THE TASK: Omit every picture and output the rest of the records exactly as they are.

(Caption-style text data)
== Segment start ==

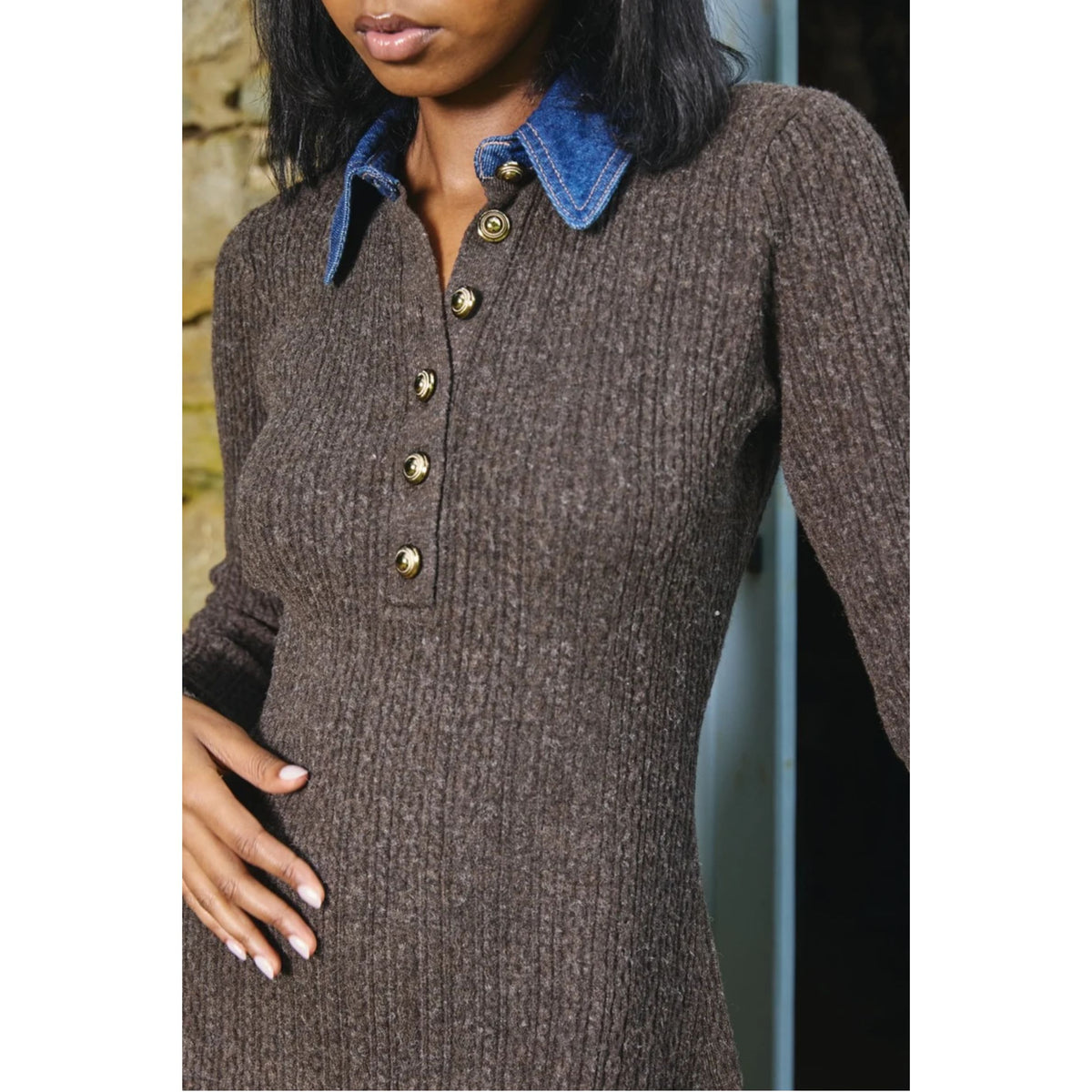 A woman wearing a brown ribbed knit long-sleeve sweater dress with a blue denim collar and gold buttons, shown from the lips down against a stone wall background.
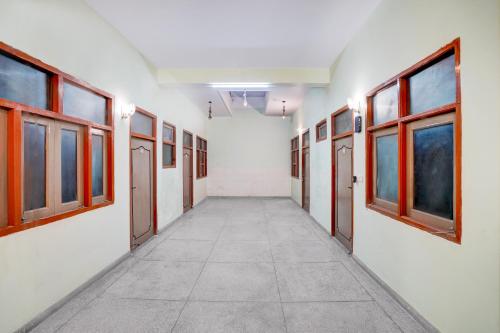 a corridor of an empty room with windows at Super Hotel O The Comfort in Kānpur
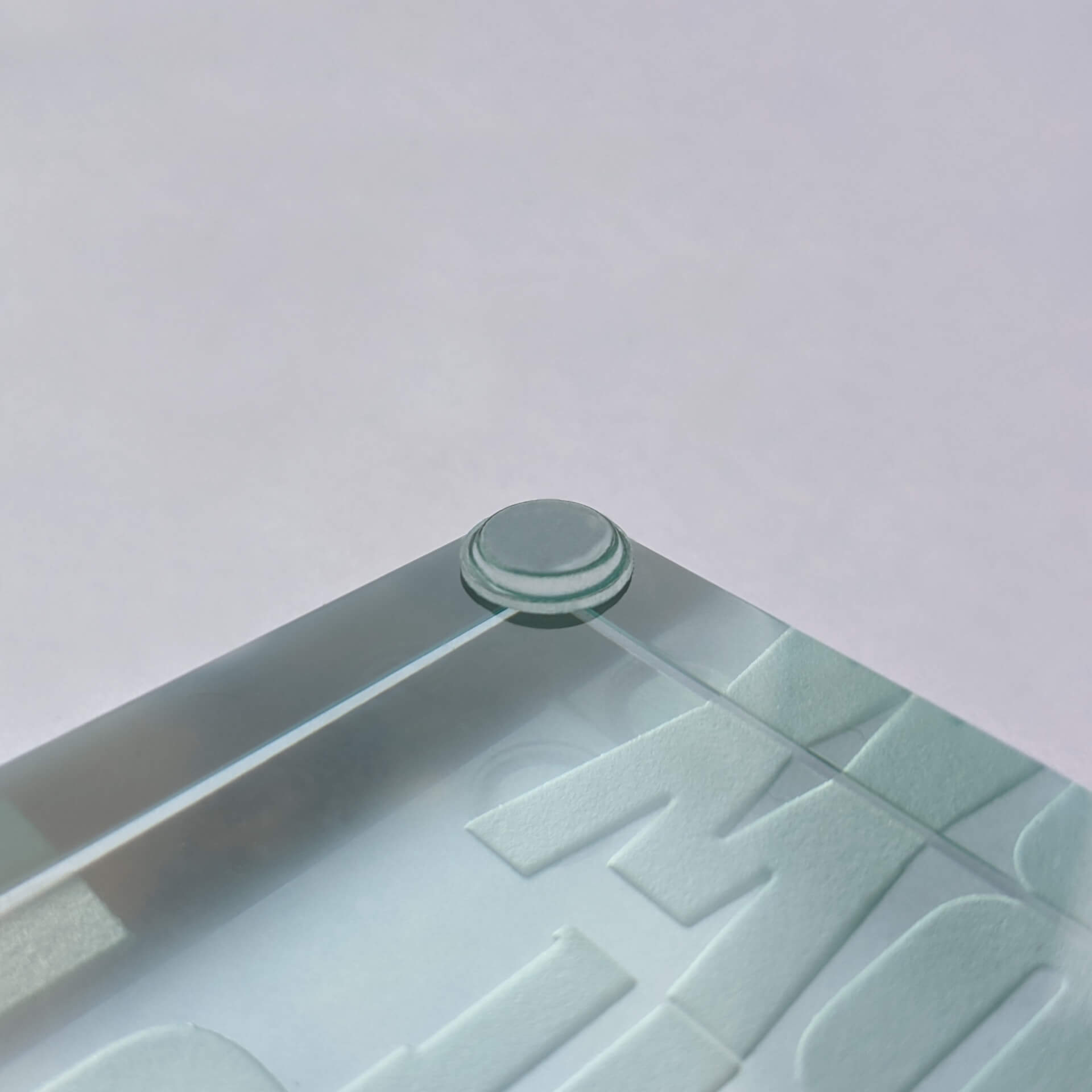 A flat topped bumper pad used on the edge of a glass paperweight.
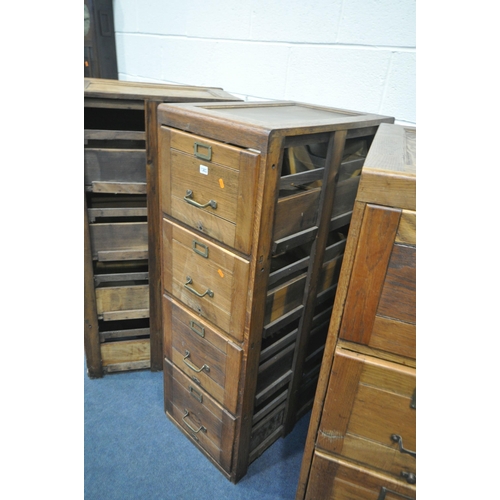 1303 - A SET OF THREE EARLY TO MID 20TH CENTURY OAK FILING CABINETS, four drawers to each cabinet, a total ... 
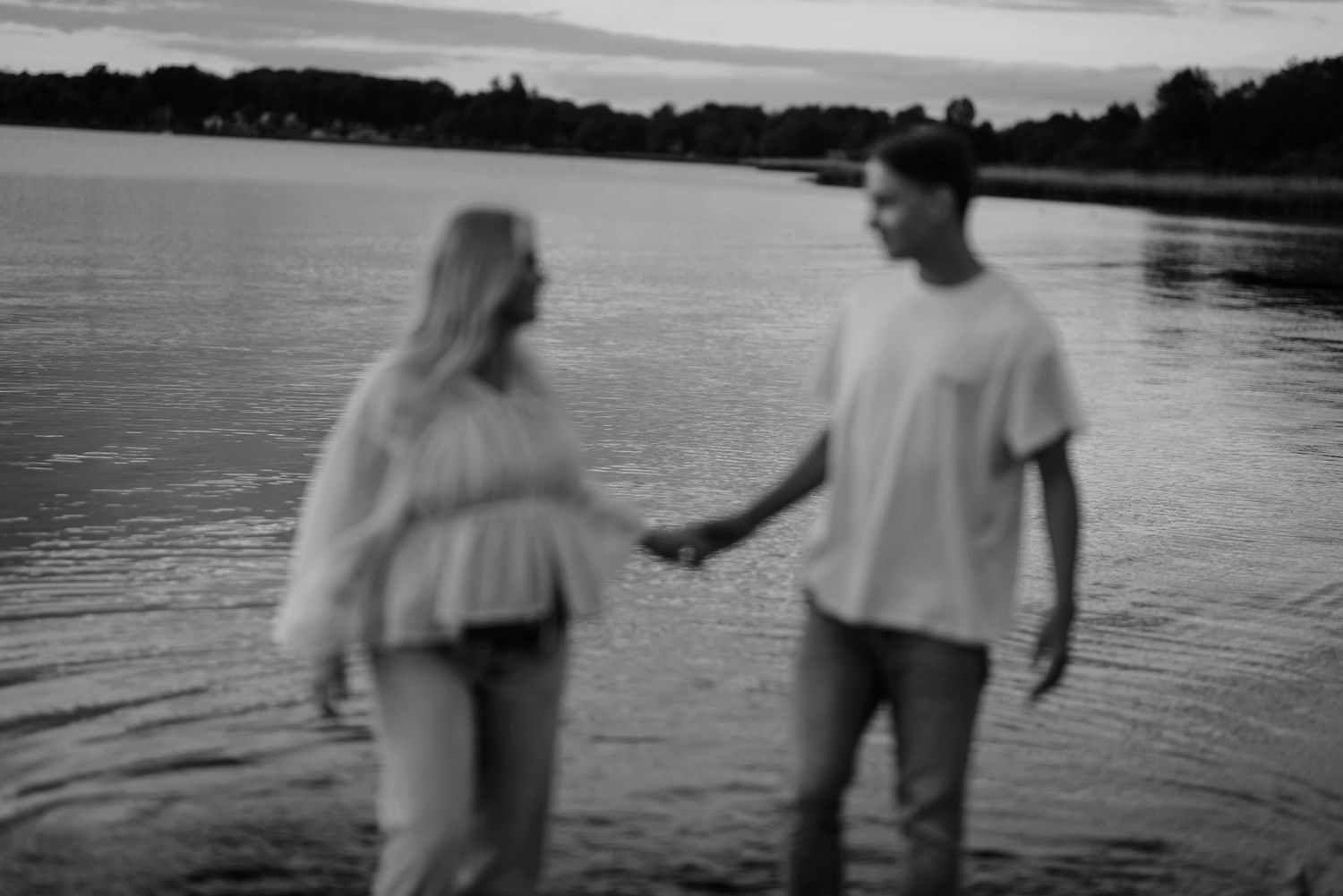 A blurry black and white image of a couple standing in shallow water at sunset by a lake.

== Segment end ==

RESULT:
 A woman wearing a brown ribbed knit long-sleeve sweater dress with a blue denim collar and gold buttons, shown from the lips down against a stone wall background.
 a corridor of an empty room with windows at Super Hotel O The Comfort in Kānpur
 A flat topped bumper pad used on the edge of a glass paperweight.
 1303 - A SET OF THREE EARLY TO MID 20TH CENTURY OAK FILING CABINETS, four drawers to each cabinet, a total ... 
 A blurry black and white image of a couple standing in shallow water at sunset by a lake.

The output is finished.